Publié le par Djayesse
Publié dans : #Cinéma, #John Ford, #Western, #John Wayne
Le Massacre de Fort Apache (Fort Apache - John Ford, 1948)

Immanquable : John Wayne et Henry Fonda sur la même affiche !

Deux légendes du cinéma et du western se rencontrent enfin. La prochaine fois, ce sera pour Le Jour le plus long, mais ils ne seront même pas ensemble dans une scène.

Il s'agit d'un premier opus ayant pour sujet la cavalerie régulière. Suivront deux autres films (La Charge héroïque et Rio Grande) autour du même sujet.

On pourrait presque parler de passage de témoin. Fonda fut un acteur privilégié de Ford (Vers sa Destinée, Les Raisins de la Colère, La Poursuite infernale…), toujours dans des rôles de justiciers. Mais cette fois, c’est de lui que le scandale arrive. Ou plutôt la déroute.

Fraîchement nommé à Fort Apache, Owen Thursday (Henry Fonda) dirige d’une main de fer un poste de cavalerie sans grande importance ni grande histoire. Il débarque avec sa fille Philadelphia (Shirley Temple), et décide de tout changer.

Fort Apache est un fort typiquement fordien.

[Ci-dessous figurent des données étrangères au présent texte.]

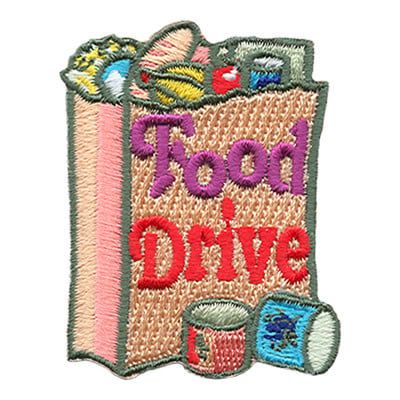 Food Drive Fun Patch - Grocery Bag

Il y règne une ambiance familiale où la discipline s’adresse surtout aux nouvelles recrues. On y vit tranquillement, dégustant à l’occasion un peu de whisky plus ou moins frelaté (dans le punch, par exemple...). On retrouve là le microcosme fordien : tous ces gens qui forment une communauté, s'aident si besoin est, et surtout accourent dès qu'il se passe quelque chose sortant de l'ordinaire. Quant à la femme forte (autoritaire), c'est Mrs O'Rourke (Mae Marsh), mère et femme de soldats, à qui on ne la fait pas.

Alors quand Thursday débarque et change les règles, ça fait un peu grise mine.

Il faut dire que les acteurs choisis pour interpréter les soldats sont des habitués des films de Ford : Victor McLaglen (Mulcahy), Jack Pennick (Schattuck) ou Ward Bond (O’Rourke Sr.) pour ne citer qu’eux. [A noter une apparition de Francis Ford (frère de l’autre) dans un rôle qui rappelle Steamboat round the Bend]

Nous avons ici du grand Ford (en est-il autrement ? ne parlons pas de Tobacco Road…).

Alors nous assistons aux incontournables : le square dance (il y en a deux) et la boisson, où McLaglen est bien entendu mis à contribution.

Mais Le Massacre de Fort Apache, c’est avant tout l’histoire d’une déroute annoncée. Celle de cette unité de cavalerie qui chargea à sa perte, suivant les ordres d’un officier aveuglé par l’orgueil. Malgré les mises en garde de York, Thursday ira jusqu'au bout de son plan insensé. On retrouve cette obstination dans deux films de guerre : Les Sentiers de la Gloire de Stanley Kubrick et Gallipoli de Peter Weir. Là encore, des soldats seront sacrifiés grâce à la bêtise des généraux.

Ici, Ford prend le parti des Indiens contre cette technocratie washingtonienne représentée par Meacham (Grant Withers), qui achète la paix indienne contre des fusils et du whisky frelaté. Mais les fusils se retournent contre les fournisseurs, dans une charge dérisoire et on ne peut plus meurtrière.

J'ai parlé d'un passage de témoin pour deux raisons :

- le colonel Thursday sera remplacé par York à Fort Apache.

- Henry Fonda ne jouera plus directement dans un film de Ford (Il joue dans La Conquête de l'Ouest, mais dirigé par George Marshall). Avec la mort de Thursday, c'est la fin de Fonda chez Ford. Wayne prendra sa place comme interprète privilégié, jusqu'à La Taverne de l'Irlandais.

Certes, cette charge n’a jamais existé. Mais on pense à Custer à Little Big Horn, quand on voit Thursday blessé retourner au front pour y mourir. Et quand les journalistes viendront se renseigner sur ce qui s’est passé, York (John Wayne) ne reniera pas le courage et l’abnégation de cet homme un tantinet exalté voire carrément fou qui accompagna ses hommes à l’abattoir. Parce que comme il le fera dire plus tard dans L’Homme qui tua Liberty Valance : « Si la légende dépasse la réalité, alors on publie la légende. »

Mais on sent chez York une désillusion quant aux guerres indiennes qui ne quittera pas les personnages de John Wayne avec Ford, le point culminant étant La Prisonnière du Désert, mais ceci est une autre histoire.